Segment Start: Given data

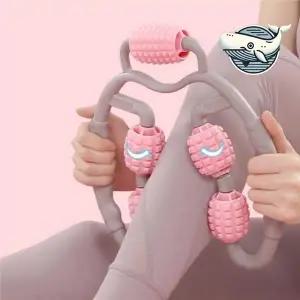 [셀러에이드]360도 회전 마사지 롤러 전신 스트레칭 요가롤러 지압폼롤러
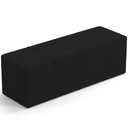 Ver mais imagens de Kit Cabeceira Cama Box Casal 140cm com Calçadeira Roma W01 Suede Preto - Lyam Lyam Decor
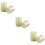 72Pcs Transparent White Tape Bopp Adhesive for Packaging 9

Segment End: Given data

#### What you have to do
The answer must be the full listing, word for word, with no images in it.

#### Answer space
 [셀러에이드]360도 회전 마사지 롤러 전신 스트레칭 요가롤러 지압폼롤러
 Ver mais imagens de Kit Cabeceira Cama Box Casal 140cm com Calçadeira Roma W01 Suede Preto - Lyam Lyam Decor
 72Pcs Transparent White Tape Bopp Adhesive for Packaging 9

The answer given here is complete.